1. Field of the Invention
This invention relates to a process for preparing multicyanate esters. More particularly, this invention relates to a continuous or semi-batch process for producing multicyanate esters.
2. Description of the Prior Art
As used herein, the term "multicyanate esters" shall mean an oligomeric mixture of esters having greater than two cyanate groups attached thereto. Illustrative of such mixtures of esters are phenol-formaldehyde resins and derivatives thereof including, but not limited to, cresol-type resins and novolac-type resins substituted with at least one moiety selected from chloride, bromine, alkyl having from 1 to 10 carbons, epoxide, and alkoxy having from 1 to 10 carbons, wherein the novolac-type resins are in either the solid or liquid form.
Phenolic resins are a class of synthetic materials that have grown continuously in terms of volume and applications for over several decades. Phenolic resins are often used as bonding agents in friction materials such as brake linings, clutch facings, transmission bonds, and the like. See, e.g. U.S. Pat. Nos. 4,268,157; 4,268,657; 4,218,361; 4,219,452; and 3,966,670. Phenolics are also used as molding materials, coatings, and adhesives. Phenolic resins developed for non-flammability and long-term temperature stability to 230.degree. C. have been studied in carbon-fiber composites. Potential for such composites lies in advanced aircraft applications.
While present day phenolics exhibit several beneficial properties, they also suffer from a number of disadvantages, such as thermal oxidative instability, which restricts their utility. Although the modification of phenolics with cyanato groups has obviated this disadvantage, such modified phenolics have not been commercially produced because of poor shelf life, and a gel time too short for processing using known continuous processing methods for polymers and/or chemicals. This is because smoke and volatile chemicals are generated as the phenolic cyanate ester resins are cured, and the resulting crosslinked phenolic-triazine products ("PT resins") therefrom are unstable and possess poor mechanical properties, i.e. brittle.

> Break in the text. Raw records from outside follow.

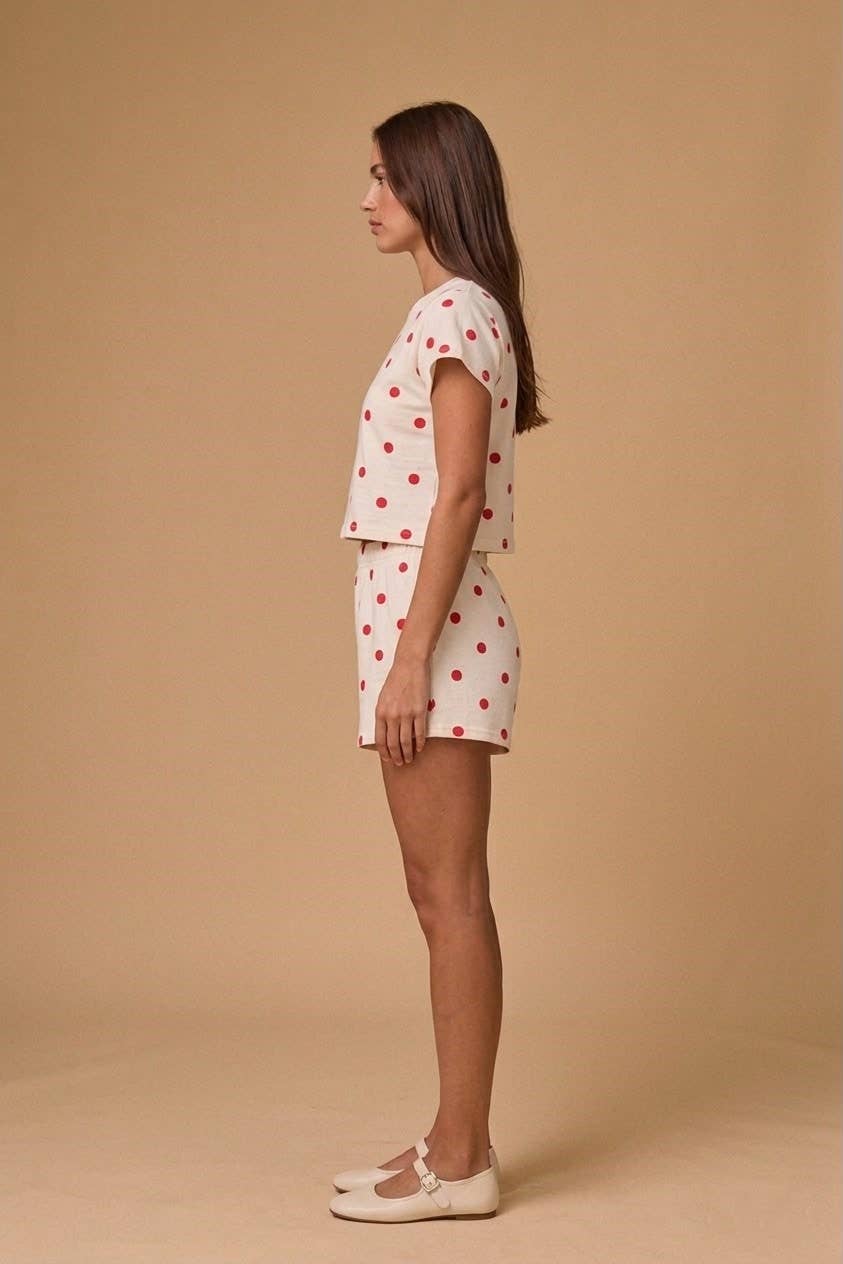 Polka Dot Lounge Shorts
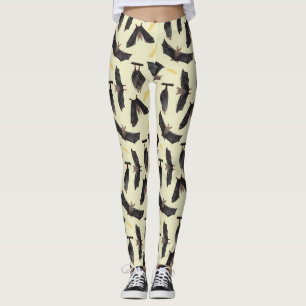 leggings de morcegos amarelos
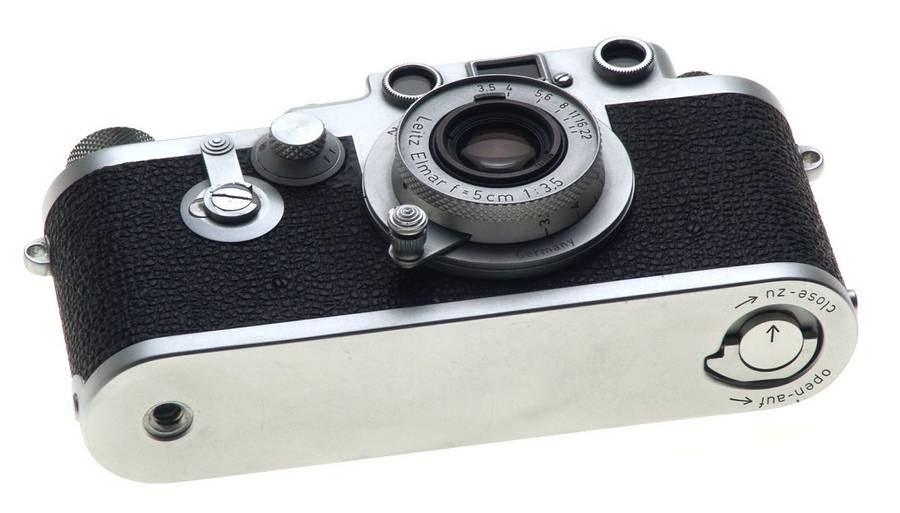LEICA 3F RANGEFINDER MINT IIIF CAMERA CASE ELMAR 3.5/5cm COLLAPSIBLE LENS CLA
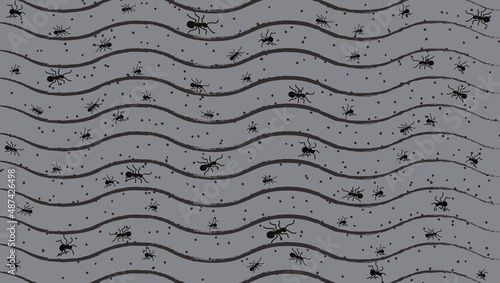 ant print vector background for printing on different materials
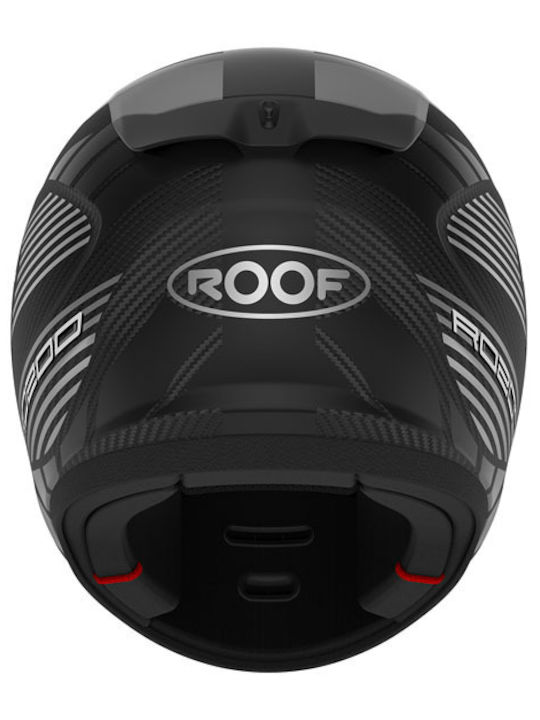 Roof RO200 Speeder Matt Black - Steel Каска за мотор Full Face ECE 22.05 1090 гр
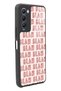 غلاف هاتف لامع بتصميم Blah Blah لهاتف Tecno Camon 18 - 2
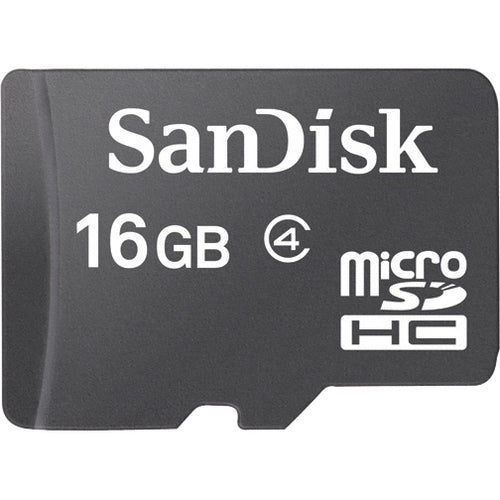 SanDisk 16GB MicroSDHC (MicroSD High Capacity), includes jewel case, eMusic insert & user guide.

U.S. Pat. No. 4,831,086 discloses a new class of phenolic cyanates and a method for their production whereby a phenolic resin and a base are reacted in a cyclic ether solvent to form the corresponding salt at room temperature. The salt is then reacted with a cyanogen halide in a cyclic ether at temperatures preferably between -15.degree. C. to -30.degree. C. in order to increase the yield and stability of the PT resins produced therefrom by minimizing the production of side reaction impurities, such as diethyl cyanamide (C.sub.2 H.sub.5).sub.2 NCN, imidocarbonate Ar-O-C-O-Ar' wherein Ar and Ar' are any ##STR1## aromatic compounds such as benzene, and alkyl halide (C.sub.2 H.sub.5).sub.X wherein X is bromine or chlorine. See also U.S. Pat. Nos. 5,124,414 and 5,137,989. However, this process is time-consuming since the reactants are combined slowly in order to minimize the presence of such impurities. In addition, in view of the fact that the reaction of salt with cyanogen halide is nearly instantaneous and highly exothermic, the reaction mass temperature increases markedly and cannot be effectively cooled by conventional cooling means. Operating at such high temperatures leads to an increase in the frequency of side reactions, the production of partially cyanated end products and the consumption of amine and cyanogen halide. By precooling the reactants to very low temperatures, i.e. below -45.degree. C., the rate of reaction, and thus the amount of exothermic energy released therefrom, can be reduced. Although the precooling reduces the amount of exothermic energy to a level which can be removed by conventional cooling means, operating as such is neither cost-effective nor energy efficient. It is also known that as a result of the insufficient mixing of the reactants during the slow process described above, the presence of concentration and/or temperature gradients, and thus the formation of side products, increases.
It would be desirable to provide a rapid, energy-efficient process for the continuous or semi-batch production of multicyanate esters having improved stability and gel time. More specifically, it would be desirable to provide such a process which not only minimizes side reactions, but also is capable of operating at temperatures close to ambient as well as providing sufficient mixing of the reactants so as to selectively promote the primary reactions.